SCHERTZ — An oral-history documentary covering the city’s founding and beyond is a love letter to a close-knit town on the rise, said a developer who helped bankroll the film.
Schertz has plenty going for it, despite existing in the shadow of larger municipalities such as San Antonio and Austin, said entrepreneur Chris Price.
“When we were trying to reimagine the project, we started studying the history of Schertz and realized that it had a rich history,” said Price who, with his partners, is developing The Crossvine, a 500-acre mixed-use, master-planned development on the Interstate 35 corridor.
“(The city has) a rich history that most people are not aware of and we felt it was important that that history be preserved and publicized,” the businessman added.
On March 6, an audience of about 100 gathered at the Schertz Public Library for the premiere of “Schertz Now and Then: An Oral History.” A panel discussion followed.
The 25-minute homage covers the town’s past from the perspective of prominent community members, city officials and longtime residents.
“The rural and farming roots of the city have helped create the identity of Schertz and you have that rugged sense of individuality, but also the willingness to work cooperatively,” said oral-history interviewee Michael Dahle, the city’s Planning and Zoning Commission chairman.
Schertz was founded in the 1800s, when waves of German immigrants came to Texas to start a new life. Cotton farming was a significant part of the economy in the 19th century, and many neighbors worked closely together growing the crop.
“I have built miles of fences and I have dug post holes by hand, and my ancestors did the same thing. To me that is such an emotional and spiritual tie to the heritage that this land represents,” said local dentist Mark Penshorn, interviewed for the film.
In spite of construction along bustling I-35, the proliferation of new subdivisions, major investment by businesses including Amazon, H-E-B and San Marcos-based EVO Entertainment, the burg of about 40,000 inhabitants aims to preserve its small-town feel, city officials said.
According to the documentary, residents enjoy a “friendly, hardworking and culturally diverse atmosphere.”
Children continue to benefit from the community’s relaxed atmosphere and the Schertz-Cibolo-Universal City Independent School District, ranked as one of the best in Texas, the film stated.

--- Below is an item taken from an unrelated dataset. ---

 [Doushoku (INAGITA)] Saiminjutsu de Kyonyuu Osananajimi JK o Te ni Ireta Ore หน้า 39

The project also sheds light on more recent events in Schertz, such as the opening of nearby Randolph airfield in the 1930s by the Army Air Corps.
Later known as Randolph Air Force Base, the installation — with a mission of educating pilots who train other pilots — lent its very name to a grouping of several metropolitan cities, while driving economic growth and expanding the job market, the filmmakers said.

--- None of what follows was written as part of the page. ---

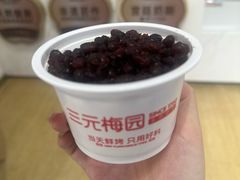 -三元梅园(永定路店)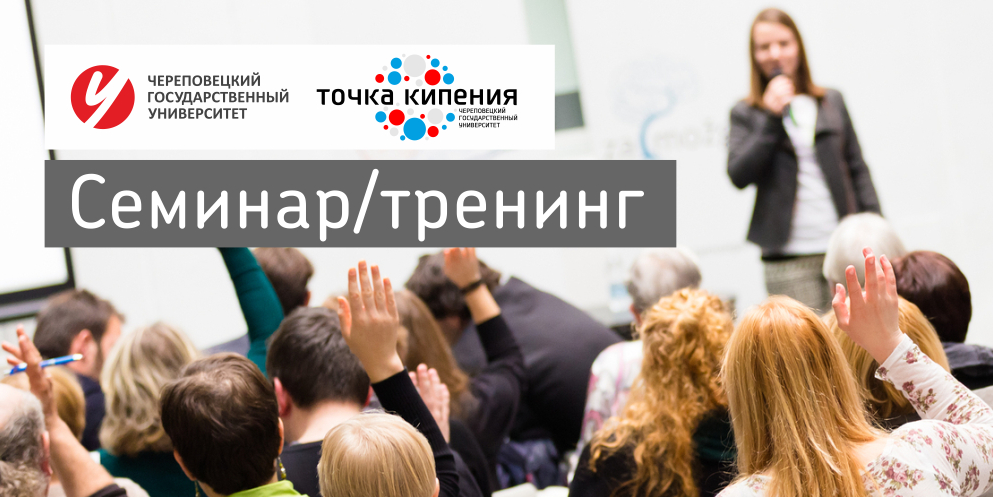 Обратный дизайн программ дополнительного образования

According to Price, the documentary’s executive producer, Randolph is “the largest employer in the area … and a magnet for retired military.”
In the documentary, former City Manager John Kessel said military members, both active duty and retired, have made Schertz their home and left their stamp on the area.
“More importantly, there’s an identity that has been created between the people who go there early on in their Air Force career and our community,” Kessel said. “Very often they would want to return to Schertz because of their time they spent at Randolph Air Force Base.”